Critique du film Quand j'étais chanteur (6 / 10)
UNION LIBRE
Nos confrères se sont beaucoup extasiés devant la « performance » d'un Gérard Depardieu, après quelques égarements et autres rôles plus propices à combler son compte en banque que marquer les esprits. Il est vrai que l'acteur retrouve sa modestie, pour incarner un personnage ordinaire et dépassé. Epousant les contours d'une figure locale désabusée et lucide sur sa ringardise. Si l'interprétation demeure délicate, elle n'en a rien non plus de transcendante, pour la trempe d'un comédien talentueux, qui avait atteint les cimes avec Cyrano de Bergerac. Plus surprenant en revanche reste le jeu de Cécile de France, toute en retenue, véritable antithèse du numéro déjanté qu'elle nous avait offert dans Les Poupées Russes. Deux acteurs au diapason, qui surfent une partition vide. Xavier Giannolli doit tout à ses acteurs.
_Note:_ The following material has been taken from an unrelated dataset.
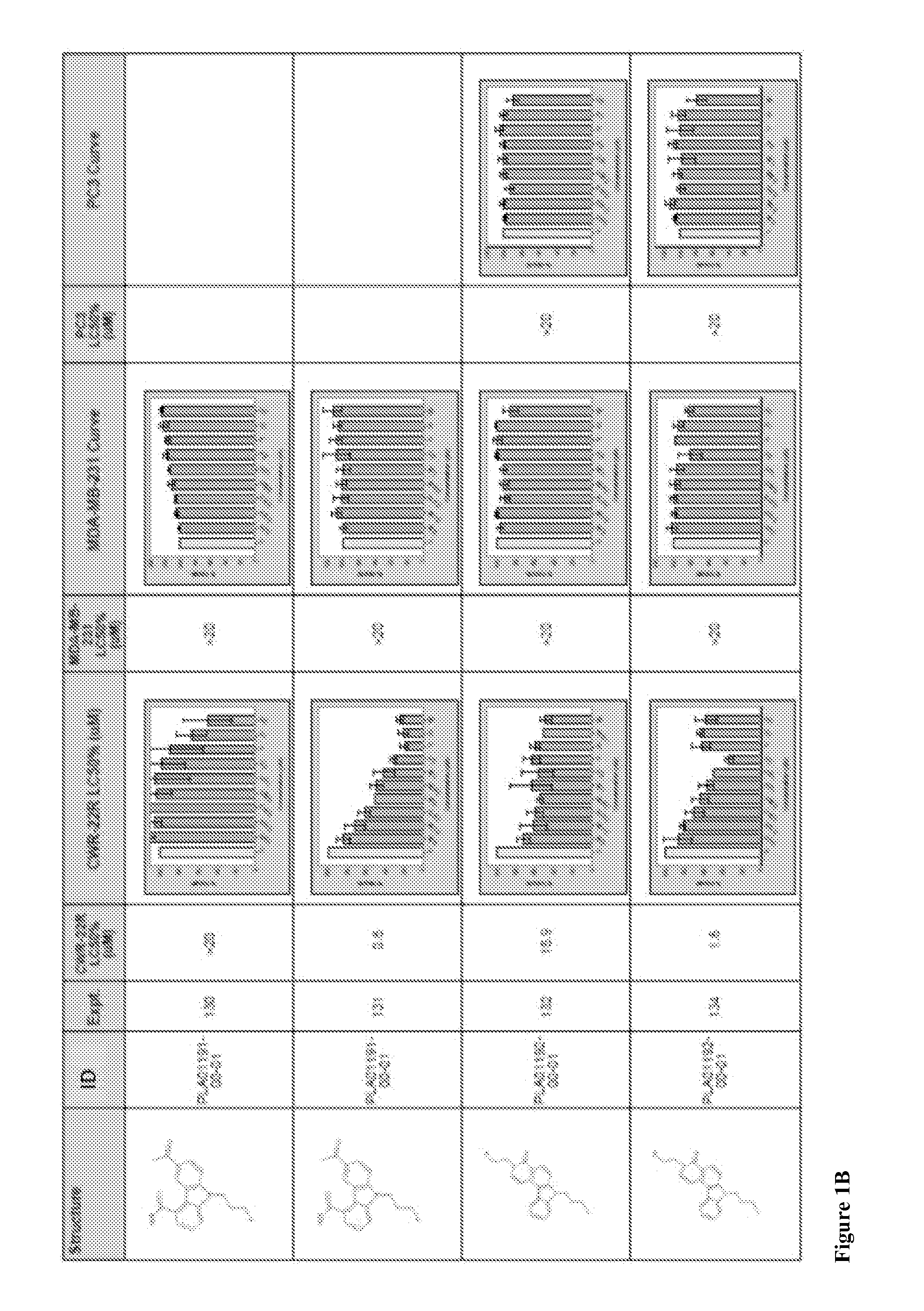 Compounds and methods for treating cancers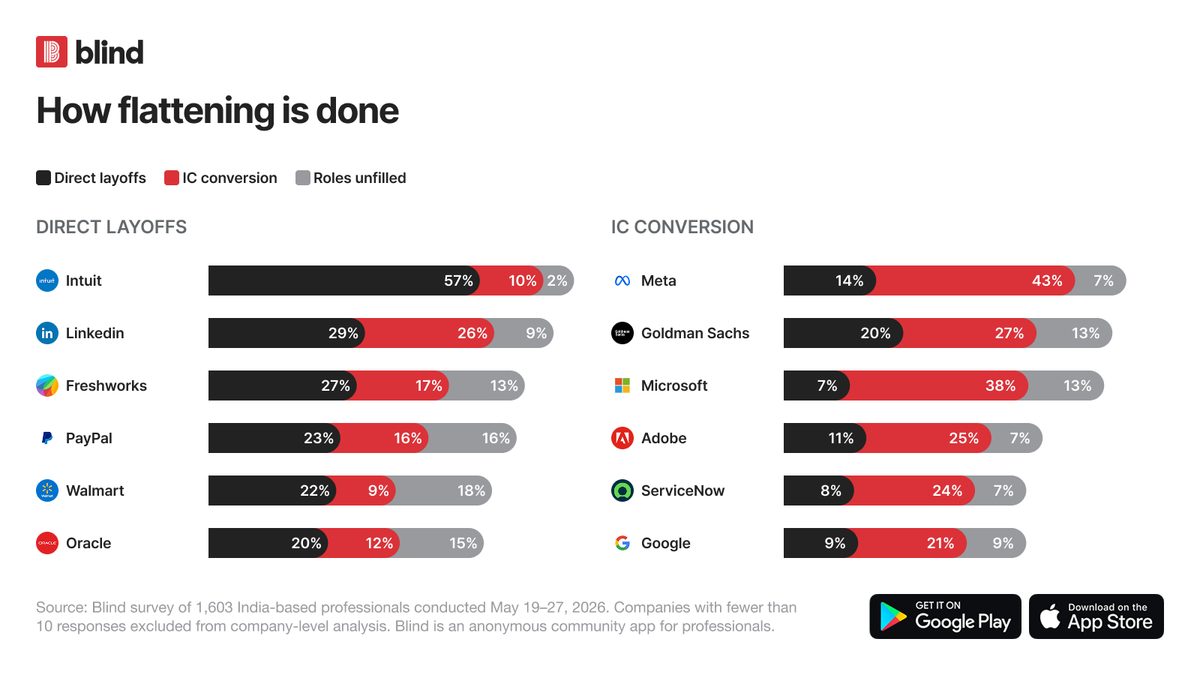 Cutting managers backfires at Intuit, Freshworks, PayPal, and Oracle in India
A y regarder de plus prêt, le script libre fait la part belle aux comédiens, certes, mais ces derniers se trouvent littéralement en roue libre, dans cette histoire d'amour impossible, à l'instar d'In the Mood for love de Wong Kar-Waï. Comme le réalisateur asiatique, Xavier Gianolli prend son temps pour installer une relation émouvante. Mais elle s'étire en longueur, au point que le spectateur en vient à bailler au corneil, devant le manque d'intrigue et de réflexions brassant les lieux communs. Vient s'ajouter à ce supplice une bande-originale que seuls les plus nostalgiques (Daniel Guichard) supporteront.Reste quelques jolis moments de grâce, à l'instar de cette scène finale où le réalisateur parvient à atteindre un climax en matière d'émotion : sans le moindre échange verbal, la musique de Christophe, Les paradis perdus, vous hérisse les poils. Mais cet instant de pure magie, comme seul le septième art sait nous en offrir, n'arrive pas à gommer la vacuité d'un projet qui flirte avec le néant.
Par zoom-Cinema.fr le 13 septembre 2006.